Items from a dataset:
:::::

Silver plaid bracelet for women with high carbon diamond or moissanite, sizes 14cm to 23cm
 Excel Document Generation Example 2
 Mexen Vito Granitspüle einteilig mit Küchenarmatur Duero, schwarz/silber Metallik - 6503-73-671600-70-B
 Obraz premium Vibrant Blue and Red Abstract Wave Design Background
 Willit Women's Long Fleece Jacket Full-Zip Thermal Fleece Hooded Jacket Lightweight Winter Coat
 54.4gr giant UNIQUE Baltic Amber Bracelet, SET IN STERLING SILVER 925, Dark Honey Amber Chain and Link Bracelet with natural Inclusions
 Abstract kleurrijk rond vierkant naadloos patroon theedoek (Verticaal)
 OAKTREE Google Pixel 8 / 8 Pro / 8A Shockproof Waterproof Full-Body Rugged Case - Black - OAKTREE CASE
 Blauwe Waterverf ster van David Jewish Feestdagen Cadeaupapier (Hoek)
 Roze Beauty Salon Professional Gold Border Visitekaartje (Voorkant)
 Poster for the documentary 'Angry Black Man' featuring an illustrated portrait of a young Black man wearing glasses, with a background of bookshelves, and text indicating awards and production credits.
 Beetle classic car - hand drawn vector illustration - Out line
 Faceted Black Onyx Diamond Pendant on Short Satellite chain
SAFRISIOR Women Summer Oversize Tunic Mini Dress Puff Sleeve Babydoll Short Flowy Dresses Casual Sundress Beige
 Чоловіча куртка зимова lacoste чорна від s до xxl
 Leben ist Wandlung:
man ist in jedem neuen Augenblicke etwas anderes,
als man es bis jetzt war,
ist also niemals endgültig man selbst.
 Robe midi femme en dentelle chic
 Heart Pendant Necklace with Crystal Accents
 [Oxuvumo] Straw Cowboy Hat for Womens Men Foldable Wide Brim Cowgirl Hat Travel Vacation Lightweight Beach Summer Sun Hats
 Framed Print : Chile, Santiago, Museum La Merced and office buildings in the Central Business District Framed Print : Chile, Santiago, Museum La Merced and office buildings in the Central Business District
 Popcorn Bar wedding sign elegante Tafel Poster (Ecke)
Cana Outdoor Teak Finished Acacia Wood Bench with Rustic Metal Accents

:::::

_PROBLEM_: The answer must be a verbatim transcription of the entries above, from the first line through the line that contains "Willit Women's Long", and nothing more.

_ANSWER FOR THIS EXERCISE_:
Silver plaid bracelet for women with high carbon diamond or moissanite, sizes 14cm to 23cm
 Excel Document Generation Example 2
 Mexen Vito Granitspüle einteilig mit Küchenarmatur Duero, schwarz/silber Metallik - 6503-73-671600-70-B
 Obraz premium Vibrant Blue and Red Abstract Wave Design Background
 Willit Women's Long Fleece Jacket Full-Zip Thermal Fleece Hooded Jacket Lightweight Winter Coat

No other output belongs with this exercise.